What needs to be done:
Everything from the line with "Kendra Scott necklace" to the end of the material is to be retyped exactly, both ends included, and nothing else.

Data section:
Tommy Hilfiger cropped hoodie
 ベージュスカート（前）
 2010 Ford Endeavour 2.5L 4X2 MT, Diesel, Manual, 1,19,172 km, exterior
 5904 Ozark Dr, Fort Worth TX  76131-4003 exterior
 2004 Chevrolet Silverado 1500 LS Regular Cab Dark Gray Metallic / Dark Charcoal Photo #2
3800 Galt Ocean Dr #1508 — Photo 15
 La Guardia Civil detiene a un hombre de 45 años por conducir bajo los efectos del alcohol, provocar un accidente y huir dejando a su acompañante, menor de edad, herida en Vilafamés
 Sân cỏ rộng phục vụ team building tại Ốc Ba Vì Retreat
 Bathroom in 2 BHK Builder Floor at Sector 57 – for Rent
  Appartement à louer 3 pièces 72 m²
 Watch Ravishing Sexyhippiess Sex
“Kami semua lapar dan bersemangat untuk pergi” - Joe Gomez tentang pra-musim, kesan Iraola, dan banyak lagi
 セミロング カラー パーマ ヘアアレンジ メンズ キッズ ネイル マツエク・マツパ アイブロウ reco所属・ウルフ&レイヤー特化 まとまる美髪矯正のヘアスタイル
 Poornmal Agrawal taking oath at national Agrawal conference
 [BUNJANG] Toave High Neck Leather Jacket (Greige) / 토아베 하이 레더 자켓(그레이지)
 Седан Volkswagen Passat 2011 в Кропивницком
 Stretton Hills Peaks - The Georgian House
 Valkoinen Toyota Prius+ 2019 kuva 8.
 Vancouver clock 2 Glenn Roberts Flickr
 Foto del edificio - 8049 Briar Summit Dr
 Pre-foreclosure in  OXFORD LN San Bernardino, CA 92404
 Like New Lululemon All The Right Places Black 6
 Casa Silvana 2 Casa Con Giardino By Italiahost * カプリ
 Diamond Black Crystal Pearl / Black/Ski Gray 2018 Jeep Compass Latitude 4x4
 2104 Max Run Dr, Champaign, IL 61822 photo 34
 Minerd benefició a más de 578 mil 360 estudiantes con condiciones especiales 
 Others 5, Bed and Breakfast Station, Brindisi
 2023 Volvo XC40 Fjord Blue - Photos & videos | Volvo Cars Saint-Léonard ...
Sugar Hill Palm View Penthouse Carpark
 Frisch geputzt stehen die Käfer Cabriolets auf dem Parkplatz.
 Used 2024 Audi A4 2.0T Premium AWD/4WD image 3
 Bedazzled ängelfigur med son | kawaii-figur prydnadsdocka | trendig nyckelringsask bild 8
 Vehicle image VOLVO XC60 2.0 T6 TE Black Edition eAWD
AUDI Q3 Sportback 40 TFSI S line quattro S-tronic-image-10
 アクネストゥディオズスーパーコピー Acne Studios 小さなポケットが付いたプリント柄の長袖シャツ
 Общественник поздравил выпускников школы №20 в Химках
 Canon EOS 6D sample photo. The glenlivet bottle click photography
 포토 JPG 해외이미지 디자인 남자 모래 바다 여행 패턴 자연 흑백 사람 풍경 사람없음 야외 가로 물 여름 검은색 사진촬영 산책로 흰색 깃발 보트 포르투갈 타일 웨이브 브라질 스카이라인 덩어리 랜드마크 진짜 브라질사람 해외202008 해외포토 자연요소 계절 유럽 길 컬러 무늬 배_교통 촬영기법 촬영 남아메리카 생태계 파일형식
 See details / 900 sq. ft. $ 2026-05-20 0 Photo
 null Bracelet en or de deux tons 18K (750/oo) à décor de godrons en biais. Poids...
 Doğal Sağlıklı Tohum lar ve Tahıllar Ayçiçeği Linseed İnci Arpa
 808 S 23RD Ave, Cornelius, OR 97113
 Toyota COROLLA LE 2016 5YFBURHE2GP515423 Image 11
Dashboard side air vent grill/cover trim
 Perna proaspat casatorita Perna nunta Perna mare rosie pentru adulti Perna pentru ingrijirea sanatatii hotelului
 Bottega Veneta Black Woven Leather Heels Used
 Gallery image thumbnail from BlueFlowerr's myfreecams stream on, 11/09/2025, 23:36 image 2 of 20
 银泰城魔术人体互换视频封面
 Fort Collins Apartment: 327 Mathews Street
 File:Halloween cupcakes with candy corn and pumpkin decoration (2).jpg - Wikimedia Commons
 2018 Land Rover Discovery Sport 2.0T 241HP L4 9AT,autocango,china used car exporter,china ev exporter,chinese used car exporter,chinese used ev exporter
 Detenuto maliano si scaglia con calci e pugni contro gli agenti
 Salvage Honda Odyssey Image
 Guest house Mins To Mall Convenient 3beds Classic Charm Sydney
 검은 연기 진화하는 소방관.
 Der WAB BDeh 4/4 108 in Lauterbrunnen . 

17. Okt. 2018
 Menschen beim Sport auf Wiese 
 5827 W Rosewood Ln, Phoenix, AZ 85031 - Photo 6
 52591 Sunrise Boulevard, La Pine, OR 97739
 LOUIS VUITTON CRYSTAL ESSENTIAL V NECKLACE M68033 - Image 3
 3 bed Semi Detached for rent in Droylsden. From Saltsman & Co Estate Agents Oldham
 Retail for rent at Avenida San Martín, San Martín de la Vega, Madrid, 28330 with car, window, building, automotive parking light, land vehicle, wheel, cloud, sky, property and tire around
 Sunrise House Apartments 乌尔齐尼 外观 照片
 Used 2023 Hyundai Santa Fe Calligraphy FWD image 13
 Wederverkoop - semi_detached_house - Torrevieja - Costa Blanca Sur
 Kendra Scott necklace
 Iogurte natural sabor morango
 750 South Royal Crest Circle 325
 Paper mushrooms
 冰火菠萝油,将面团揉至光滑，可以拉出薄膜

Task solution:
 Kendra Scott necklace
 Iogurte natural sabor morango
 750 South Royal Crest Circle 325
 Paper mushrooms
 冰火菠萝油,将面团揉至光滑，可以拉出薄膜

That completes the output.